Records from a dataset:

=== Begin Enclosure ===

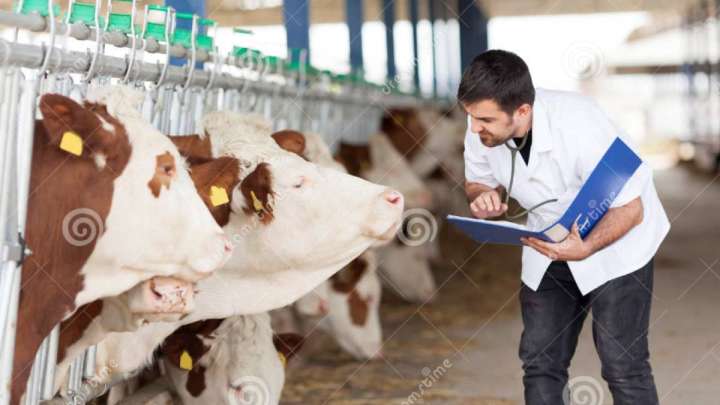 Ауылдағы науқастарды мал дәрігерлері қарайды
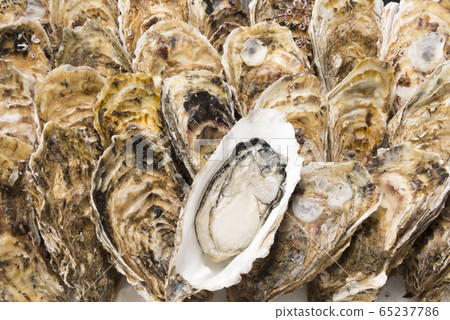 Fresh and tasty raw oysters 65237786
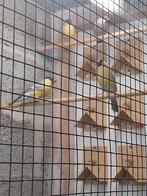 Goudvinken, Enlèvement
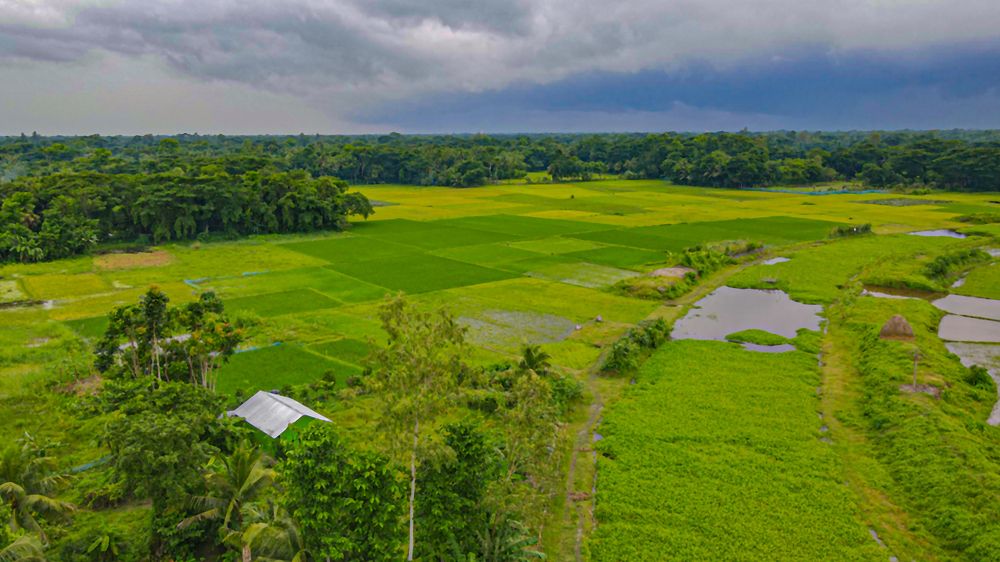 Photograph by Md Rokibul Hasan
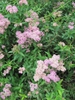 Spiraea japonica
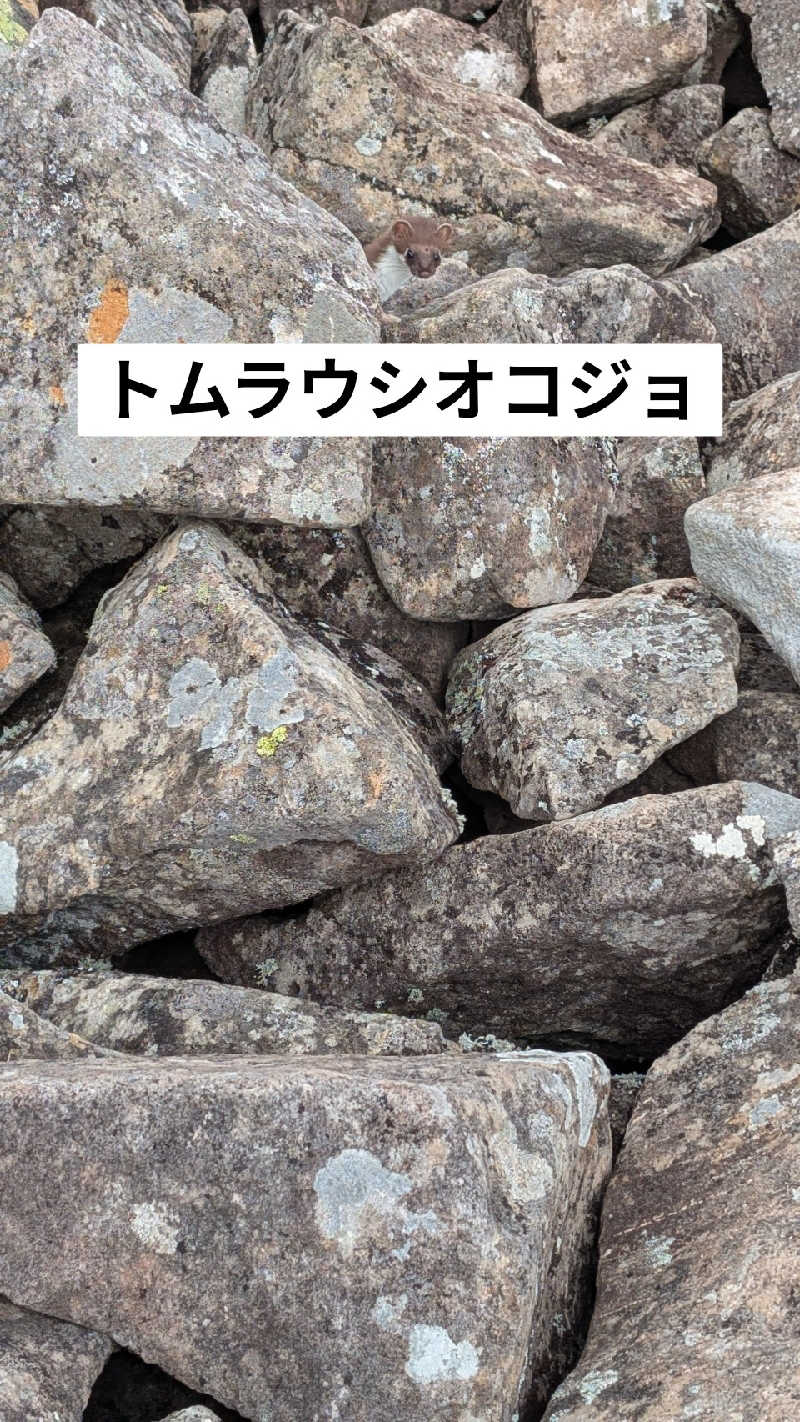半額王子さんのトムラウシ温泉 東大雪荘のサ活写真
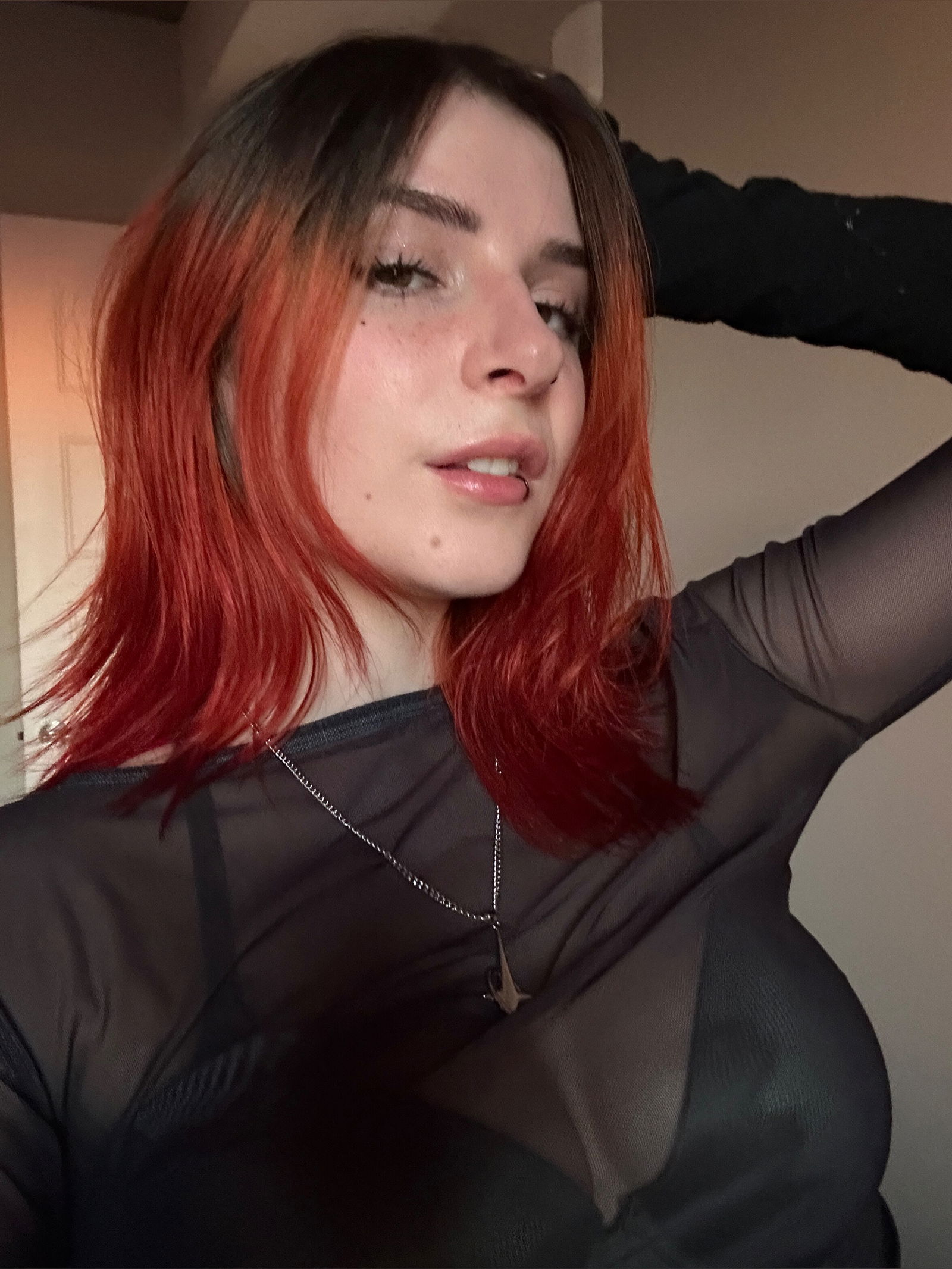 zastela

=== End Enclosure ===

- **Required work**
Without including any pictures, reproduce the data exactly.

- **Answer for this exercise**
 Ауылдағы науқастарды мал дәрігерлері қарайды
 Fresh and tasty raw oysters 65237786
 Goudvinken, Enlèvement
 Photograph by Md Rokibul Hasan
 Spiraea japonica
半額王子さんのトムラウシ温泉 東大雪荘のサ活写真
 zastela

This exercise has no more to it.